Vingt cinquième aventure de l'increvable Alex Delaware, le sémillant psychologue devenu au fil du temps le Dr Watson de Milo Sturgis – lieutenant à la Criminelle du LAPD et bulldozer humain –, Les tricheurs fleure bon le livre de plage. Facile, standardisée, l'écriture de Kellerman est essentiellement conçue pour ne pas troubler son lectorat, juste lui offrir une distraction de quelques heures.

Depuis le temps, les rôles sont parfaitement répartis entre Alex et Milo : celui-ci apporte un éclairage psychologique aux faits ou aux suspects rencontrés tandis que celui-là enquête de façon parfaitement classique. La personnalité de Sturgis, ou plutôt l'antinomie d'apparence existant entre les deux héros, permet d'éviter la monotonie de routines policières qui ne s'éloignent guère du modèle industriel de l'écriture mainstream audiovisuelle ou littéraire.

Dans Les tricheurs, Kellerman ajoute quand même une contrainte à son duo, celle de ne pas faire de vagues et même, éventuellement, de désigner un bouc émissaire dans les classes “ faites pour ça ” de la population. Le fils du chef de la police de L.A. est élève à Windsor Prep. – où travaillait Elise Freeman – et le père a beaucoup d'ambitions pour son rejeton. Notamment de lui faire intégrer Yale pour qu'il puisse ensuite rejoindre la horde des parasites des grandes banques d'affaires, des lobbies ou des think tanks républicains qui grouillent sur la côte Est. Tout scandale éclaboussant le lycée risquant de compromettre son accès à l'Ivy League [1], Sturgis est invité à y aller plutôt mollo, ce qui ne peut que décupler l'envie du lieutenant de mettre les pieds dans le plat.

L'air de ne pas trop y toucher, Kellerman écorne quand même l'image que les Amerlocains se font de ces établissements d'excellence par lesquels transitent leurs élites et les conditions mêmes de leur reproduction. Le titre du livre – Les tricheurs – est parfaitement explicite d'ailleurs de ce que pense le romancier de la pseudo méritocratie dans son pays.
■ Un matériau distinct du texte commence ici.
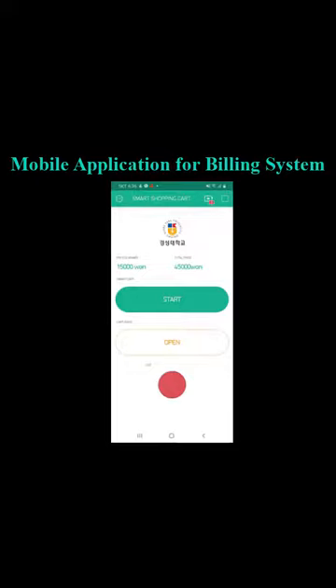The cart is in a locked condition, which means the user can only put items in and cannot take them out. To take the items, the user should pay using the mobile phone app, and the cart's door lock will open.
Comme toujours, notre auteur réussit quelques personnages secondaires, notamment la victime – pas vraiment celle que nos duettistes imaginaient – ou le savoureux Dr Helfgott, président de Windsor Prep. Les tricheurs ne bouleverse pas le genre et nous offre une fin pédagogique et morale, Kellerman se contentant de faire le job pour un lectorat qui ne demande certainement que cela. La plage, vous dis-je...

Chroniqué par Philippe Cottet le 22/05/2013



Notes :

[1] Huit universités privées de la côte Est censées représenter l'excellence, mais d'abord reproductrices des élites sociales.